Windows 3.x Airlines
The airport terminal is nice and
colorful, with friendly stewards and stewardesses, easy access to the plane,
and a completely uneventful takeoff...then, once in the air, the plane blows
up without any warning whatsoever.
Windows '95 Airlines
The
terminal is very neat and clean, the attendants are all very attractive and
the pilots very capable. The fleet is immense. After your plane arrives 6
months late, you begin to wonder why it has not arrived yet. Your jet takes
off without a hitch, pushing above the clouds, and at 20,000 feet it crashes
without warning.
Mac Airways
The cashiers, flight attendants, and
pilots all look the same, feel the same and act the same. When asked
questions about the flight they reply that you don't want to know, don't need
to know, and that everything will be done for you without you having to know,
so just shut up and please return to your seat and watch the
movie.
OS/2 Skyways
It's almost empty, with only a few prospective
passengers milling about. Airline personnel walk around, apologizing
profusely to customers in hushed voices, pointing from time to time to the
sleek, powerful jets outside the terminal on the field. They tell each
passenger how good the real flight will be on these new jets and how much
safer it will be than Windows Airlines, but that they will have to wait a
little longer for the technicians to finish the flight systems.
To
board the plane, you have your ticket stamped ten different times by standing
in ten different lines. Then you fill out a form showing where you want to
sit and whether the plan should look and feel like an ocean liner,
a passenger train, or a bus. If you succeed in getting on board the plane
and the plane succeeds in getting off the ground, you have a wonderful
trip... except for the times when the rudder and flaps get frozen in
position, in which case you have time to say your prayers and get in crash
position.
Fly Windows NT
All the passengers carry their seats out
onto the tarmac, placing the chairs in the outline of a plane, says the
password in unison, and forms the outline of an airplane. They all sit down,
flap their arms and make jet swooshing sounds as if they are
flying.
Wings of OS/400
The airline has bought ancient DC-3s,
arguably the best and safest planes that ever flew and painted "747" on their
tails to make them look as if they are fast. The flight attendants, of
course, attend to your every need, though the drinks cost $15 a pop. Stupid
questions cost $230 per hour, unless you have Support Line, which requires a
first class ticket and membership in the frequent flyer club.
MVS
Airlines
The passengers all gather in the hanger, watching hundreds of
technicians check the flight systems on this immense, luxury aircraft. This
plane has at least 10 engines and seats over 1,000 passengers. All the
passengers scramble aboard, as do the necessary complement of 200
technicians. The pilot takes his place up in the glass cockpit. He guns the
engines, only to realize that the plane is too big to get through the hangar
doors!
Unix Express
Each passenger brings a piece of the airplane
and a box of tools to the airport.

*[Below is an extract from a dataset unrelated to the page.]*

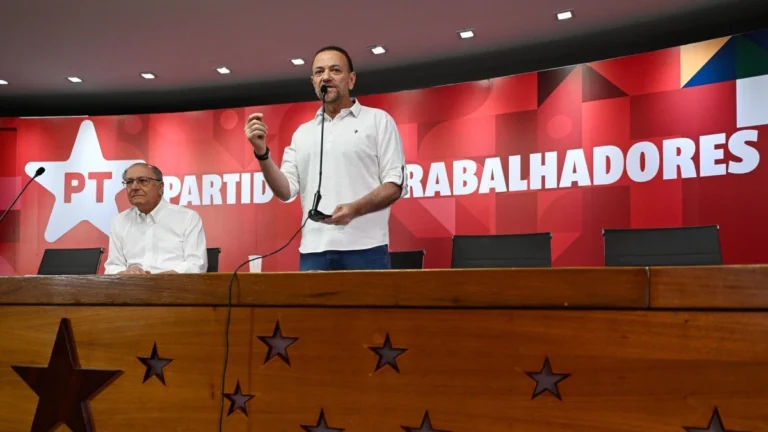 CPMI do INSS: PT tenta reação após vitória da oposição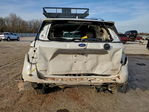 Ford Explorer 2023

They gather on the tarmac, arguing
constantly about what kind of plane they want to build and how to put it
together. Eventually, they build several different aircraft, but give them
all the same name. Some passengers actually reach their destinations. All
passengers believe they got there.
Mach Airline
There is no
airplane. The passengers gather and shout for an airplane, then wait and wait
and wait and wait. A bunch of people come, each carrying one piece of the
plane with them. These people all go out on the runway and put the plane
together piece by piece, arguing constantly about what kind of plane they're
building. The plane finally takes off, leaving the passengers on the ground
waiting and waiting and waiting and waiting. After the plane lands, the pilot
telephones the passengers at the departing airport to inform them that they
have arrived.
Newton Airline
After buying your tickets 18 months
in advance, you finally get to board the plane. Upon boarding the plane, you
are asked for your name. After 4-6 times, the crew member recognizes your
name and you are then allowed to take your seat. As you are getting ready to
take your eat, the steward announces that you will have to repeat the
boarding process because they are out of room and need to recount to make
sure they can take more passengers.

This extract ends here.